Exercise - Reproduce exactly the lines of the material beneath, from the line that contains "Яндекс Директ. Урок" to the line that contains "Jakubowice 3 Atiqua", both included, and no other lines.

The data -
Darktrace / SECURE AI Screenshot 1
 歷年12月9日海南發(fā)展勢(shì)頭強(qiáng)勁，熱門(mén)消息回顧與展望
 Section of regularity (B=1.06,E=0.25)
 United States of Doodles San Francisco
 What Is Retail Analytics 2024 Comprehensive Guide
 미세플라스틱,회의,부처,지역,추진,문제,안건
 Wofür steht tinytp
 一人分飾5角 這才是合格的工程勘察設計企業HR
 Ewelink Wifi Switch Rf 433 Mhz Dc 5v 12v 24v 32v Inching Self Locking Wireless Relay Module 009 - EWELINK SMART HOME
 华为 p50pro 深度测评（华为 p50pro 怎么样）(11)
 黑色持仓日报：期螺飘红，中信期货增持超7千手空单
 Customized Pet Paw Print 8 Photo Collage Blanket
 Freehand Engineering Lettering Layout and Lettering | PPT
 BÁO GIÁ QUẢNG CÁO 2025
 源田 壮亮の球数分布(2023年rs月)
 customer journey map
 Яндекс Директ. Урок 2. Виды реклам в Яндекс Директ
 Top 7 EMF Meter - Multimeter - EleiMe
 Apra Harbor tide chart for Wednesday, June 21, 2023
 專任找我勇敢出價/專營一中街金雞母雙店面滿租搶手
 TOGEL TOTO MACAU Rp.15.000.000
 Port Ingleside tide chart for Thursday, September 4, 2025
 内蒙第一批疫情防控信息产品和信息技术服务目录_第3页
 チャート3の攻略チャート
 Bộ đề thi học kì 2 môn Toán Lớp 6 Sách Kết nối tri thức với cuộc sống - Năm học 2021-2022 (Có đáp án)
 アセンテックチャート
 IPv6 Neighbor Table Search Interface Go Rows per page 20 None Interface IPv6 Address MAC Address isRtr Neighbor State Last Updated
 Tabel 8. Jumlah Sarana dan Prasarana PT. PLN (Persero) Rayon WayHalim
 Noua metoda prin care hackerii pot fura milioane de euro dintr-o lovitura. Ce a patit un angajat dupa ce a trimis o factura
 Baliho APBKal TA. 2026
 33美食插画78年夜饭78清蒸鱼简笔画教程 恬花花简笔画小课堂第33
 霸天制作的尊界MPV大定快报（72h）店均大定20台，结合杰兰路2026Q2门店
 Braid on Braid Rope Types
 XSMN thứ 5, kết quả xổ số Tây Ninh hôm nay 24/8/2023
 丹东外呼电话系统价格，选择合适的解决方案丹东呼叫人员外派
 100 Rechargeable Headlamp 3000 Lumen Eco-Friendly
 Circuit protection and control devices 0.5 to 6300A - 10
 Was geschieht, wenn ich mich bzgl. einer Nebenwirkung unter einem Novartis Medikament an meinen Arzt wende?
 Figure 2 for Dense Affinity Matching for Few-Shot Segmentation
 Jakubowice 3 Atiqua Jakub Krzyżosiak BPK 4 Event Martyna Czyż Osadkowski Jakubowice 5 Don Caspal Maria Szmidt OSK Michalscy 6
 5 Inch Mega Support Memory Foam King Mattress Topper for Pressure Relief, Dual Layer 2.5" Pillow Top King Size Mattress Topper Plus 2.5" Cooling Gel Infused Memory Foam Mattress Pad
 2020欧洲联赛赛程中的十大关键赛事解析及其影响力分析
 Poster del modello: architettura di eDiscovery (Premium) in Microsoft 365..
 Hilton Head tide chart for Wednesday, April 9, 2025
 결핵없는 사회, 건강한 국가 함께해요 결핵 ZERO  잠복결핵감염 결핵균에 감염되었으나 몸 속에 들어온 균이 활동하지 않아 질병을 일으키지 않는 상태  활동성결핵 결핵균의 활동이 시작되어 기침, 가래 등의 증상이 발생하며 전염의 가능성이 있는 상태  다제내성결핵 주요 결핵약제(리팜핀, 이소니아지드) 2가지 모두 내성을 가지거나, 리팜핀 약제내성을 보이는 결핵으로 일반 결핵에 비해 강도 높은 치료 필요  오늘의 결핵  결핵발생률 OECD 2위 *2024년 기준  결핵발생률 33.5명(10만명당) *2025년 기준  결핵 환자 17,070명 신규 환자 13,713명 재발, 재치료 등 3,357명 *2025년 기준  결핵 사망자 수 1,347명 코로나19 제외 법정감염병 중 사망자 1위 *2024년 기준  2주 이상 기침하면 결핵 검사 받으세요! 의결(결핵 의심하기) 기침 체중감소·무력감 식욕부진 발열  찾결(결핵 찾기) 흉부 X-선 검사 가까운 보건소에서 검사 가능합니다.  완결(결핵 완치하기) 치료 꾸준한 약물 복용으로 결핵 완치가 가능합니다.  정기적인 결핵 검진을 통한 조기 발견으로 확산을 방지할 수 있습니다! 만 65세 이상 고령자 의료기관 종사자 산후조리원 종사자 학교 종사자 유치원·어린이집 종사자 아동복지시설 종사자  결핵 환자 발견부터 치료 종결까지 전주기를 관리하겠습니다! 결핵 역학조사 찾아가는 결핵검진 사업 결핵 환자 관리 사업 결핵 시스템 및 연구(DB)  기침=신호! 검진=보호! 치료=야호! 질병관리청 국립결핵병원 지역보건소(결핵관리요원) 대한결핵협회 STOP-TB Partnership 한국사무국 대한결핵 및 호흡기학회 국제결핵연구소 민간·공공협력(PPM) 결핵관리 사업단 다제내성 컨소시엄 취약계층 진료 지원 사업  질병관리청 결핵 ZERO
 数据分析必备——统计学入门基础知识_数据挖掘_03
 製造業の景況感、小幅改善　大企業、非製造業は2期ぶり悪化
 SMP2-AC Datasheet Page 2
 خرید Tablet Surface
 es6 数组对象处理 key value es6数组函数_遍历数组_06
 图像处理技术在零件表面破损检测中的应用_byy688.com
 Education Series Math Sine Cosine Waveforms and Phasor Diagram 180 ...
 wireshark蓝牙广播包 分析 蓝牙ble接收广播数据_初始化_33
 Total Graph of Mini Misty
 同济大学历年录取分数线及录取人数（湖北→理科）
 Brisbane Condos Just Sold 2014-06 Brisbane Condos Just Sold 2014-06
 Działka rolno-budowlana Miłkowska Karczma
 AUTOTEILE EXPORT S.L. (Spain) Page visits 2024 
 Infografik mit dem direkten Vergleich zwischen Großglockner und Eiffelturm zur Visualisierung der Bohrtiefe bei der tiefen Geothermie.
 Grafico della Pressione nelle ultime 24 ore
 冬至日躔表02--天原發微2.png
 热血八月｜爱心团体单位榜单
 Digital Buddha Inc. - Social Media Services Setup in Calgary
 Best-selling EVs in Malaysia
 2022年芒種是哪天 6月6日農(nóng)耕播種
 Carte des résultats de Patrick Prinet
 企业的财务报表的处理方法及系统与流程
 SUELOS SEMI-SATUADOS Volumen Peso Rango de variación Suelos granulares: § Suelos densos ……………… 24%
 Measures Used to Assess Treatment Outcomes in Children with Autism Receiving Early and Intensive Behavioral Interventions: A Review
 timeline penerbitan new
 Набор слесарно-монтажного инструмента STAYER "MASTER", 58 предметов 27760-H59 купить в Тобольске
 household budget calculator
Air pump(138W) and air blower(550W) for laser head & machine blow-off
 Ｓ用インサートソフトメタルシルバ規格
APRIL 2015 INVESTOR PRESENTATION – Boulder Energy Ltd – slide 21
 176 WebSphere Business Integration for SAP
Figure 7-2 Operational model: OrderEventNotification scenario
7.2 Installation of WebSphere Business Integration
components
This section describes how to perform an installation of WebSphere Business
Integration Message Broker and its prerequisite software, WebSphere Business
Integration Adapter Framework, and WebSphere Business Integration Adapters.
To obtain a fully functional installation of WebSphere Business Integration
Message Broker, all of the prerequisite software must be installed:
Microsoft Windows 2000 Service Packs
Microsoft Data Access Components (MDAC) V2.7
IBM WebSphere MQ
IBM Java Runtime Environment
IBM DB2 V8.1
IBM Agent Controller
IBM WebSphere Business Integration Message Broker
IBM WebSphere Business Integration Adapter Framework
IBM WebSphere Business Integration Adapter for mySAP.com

Task result -
 Яндекс Директ. Урок 2. Виды реклам в Яндекс Директ
 Top 7 EMF Meter - Multimeter - EleiMe
 Apra Harbor tide chart for Wednesday, June 21, 2023
 專任找我勇敢出價/專營一中街金雞母雙店面滿租搶手
 TOGEL TOTO MACAU Rp.15.000.000
 Port Ingleside tide chart for Thursday, September 4, 2025
 内蒙第一批疫情防控信息产品和信息技术服务目录_第3页
 チャート3の攻略チャート
 Bộ đề thi học kì 2 môn Toán Lớp 6 Sách Kết nối tri thức với cuộc sống - Năm học 2021-2022 (Có đáp án)
 アセンテックチャート
 IPv6 Neighbor Table Search Interface Go Rows per page 20 None Interface IPv6 Address MAC Address isRtr Neighbor State Last Updated
 Tabel 8. Jumlah Sarana dan Prasarana PT. PLN (Persero) Rayon WayHalim
 Noua metoda prin care hackerii pot fura milioane de euro dintr-o lovitura. Ce a patit un angajat dupa ce a trimis o factura
 Baliho APBKal TA. 2026
 33美食插画78年夜饭78清蒸鱼简笔画教程 恬花花简笔画小课堂第33
 霸天制作的尊界MPV大定快报（72h）店均大定20台，结合杰兰路2026Q2门店
 Braid on Braid Rope Types
 XSMN thứ 5, kết quả xổ số Tây Ninh hôm nay 24/8/2023
 丹东外呼电话系统价格，选择合适的解决方案丹东呼叫人员外派
 100 Rechargeable Headlamp 3000 Lumen Eco-Friendly
 Circuit protection and control devices 0.5 to 6300A - 10
 Was geschieht, wenn ich mich bzgl. einer Nebenwirkung unter einem Novartis Medikament an meinen Arzt wende?
 Figure 2 for Dense Affinity Matching for Few-Shot Segmentation
 Jakubowice 3 Atiqua Jakub Krzyżosiak BPK 4 Event Martyna Czyż Osadkowski Jakubowice 5 Don Caspal Maria Szmidt OSK Michalscy 6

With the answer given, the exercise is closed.